INFOTECH

I/ITSEC NEWS: U.K. Army to Test Cloud-Based Simulation in the Field

11/30/2022
By Sean Carberry

Hadean image

ORLANDO, Florida — The metaverse startup Hadean will work with the U.K. army to expand testing for its virtual training environment, officials said Nov. 30. 

The startup announced an expansion of their contract that will take Hadean’s cloud-based virtual training platform into a live exercise to see how the technology performs in an austere environment. The exercise in Kenya is designed to help the British army develop requirements for its Collective Training and Transformation Programme, a 600-million-pound initiative to modernize training with live, virtual and constructive systems.

The army's contract with Hadean initially focused on assessing whether cloud technology could handle a training simulation.

“The big benefit for us was to prove that cloud distributed simulation could work and be a solution for collective training,” said Hannah Smith, synthetic project officer with the British army. She spoke on the sidelines of the National Training and Simulation Association's annual Interservice/Industry Training, Simulation and Education Conference in Orlando. NTSA is an affiliate of the National Defense Industrial Association.

The army used Hadean’s technology to demonstrate that a cloud solution can support training in disparate locations with data from multiple sources, she said. “We've used real training data there. … We took it from sources, and there has been challenges. There's always going to be lag. There's always going to be refresh rates.”

She noted the technology that will be used in Kenya has a higher refresh rate. 

“Some of the soldiers will also have multiple systems on one person," she said. "So, looking to see how they marry up that data as well will be really positive.”

The CTTP will send out a request for proposals in early 2023 and will be looking to contract with a training service provider who will then explore the virtual universe to put together the best training environment, she said.

Hadean began in the gaming industry and broke records for the most players online, said Mimi Keshani, co-founder and COO of Hadean. The company believes that the next version of the internet is going to be 3D — a metaverse by another name, she said.

“And with that in mind, we built a number of application libraries that are very spatially focused, so make spatial computing easier,” she said. “But what we kind of noticed was actually what is an immersive entertainment environment is just a synthetic training environment with different data.”

Hadean’s first venture into the defense world was a project with CAE, she said. “And [that] helped us see the technologies that we've built and pioneered in other industries are incredibly relevant to what we're trying to do in the defense and government space.”

There are several challenges that come with hosting a series of federated simulators on a single environment, she said. “What's interesting here is we have real training data to deal with. But what we were trying to do is create a synthetic environment that represents that information that we can then train from asynchronously."

If the data is incomplete or poorly structured, it can be difficult because "it doesn't all talk the same language," she noted.

"So, you could find a way of first creating that single, complete picture,” she said.

With the interoperability layer in place, the next challenge is to handle the vast quantities of real-time data. “So, having the ability to scale that server capacity, that's sort of what our infrastructure is really good at,” she added.

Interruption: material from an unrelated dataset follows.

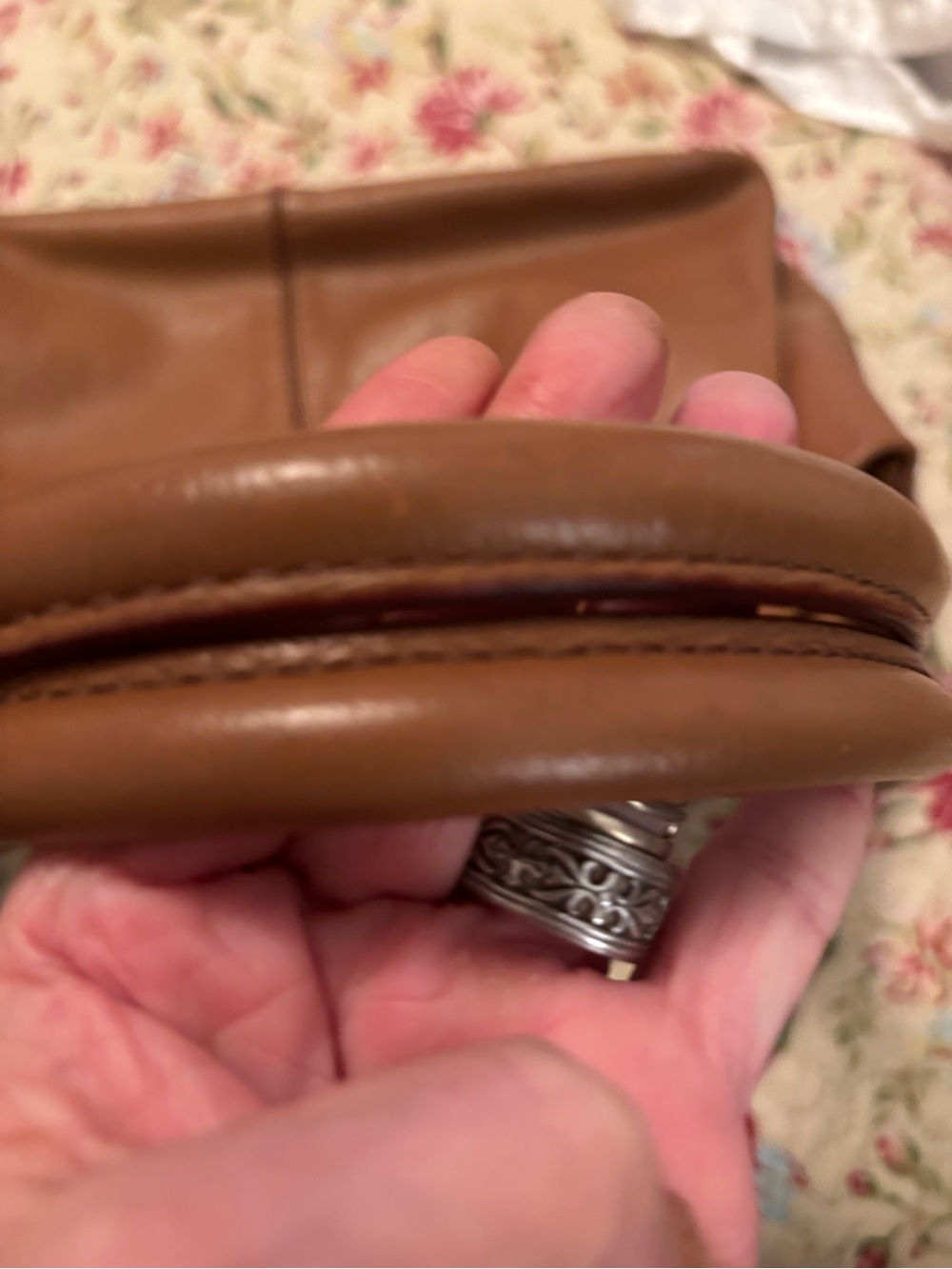 kate spade Cognac Brown Leather Tote with Matching Zip Wallet - Picture 5 of 14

Hadean has not decided yet about how it will participate in CTTP after the completion of the Kenya exercise and the current contract, Keshani said. However, the company is hopeful that its work so far will inform the requirements going forward.

“I think what's really impressive about the way CTTP have gone about this — as opposed to some of the other programs — is they're breaking off small chunks and testing requirements as they go,” she said. “Now, that's how you build great software. So, we're really pleased to see it and be a part of it.”

In addition to announcing the expanded contract and demonstrating the simulation, Hadean announced an expansion of its partnership with Microsoft. According to a press release, “the new relationship will see Hadean’s metaverse infrastructure integrated with Microsoft Azure” to “provide scalable, interoperable, and secure cloud-based military training capabilities.”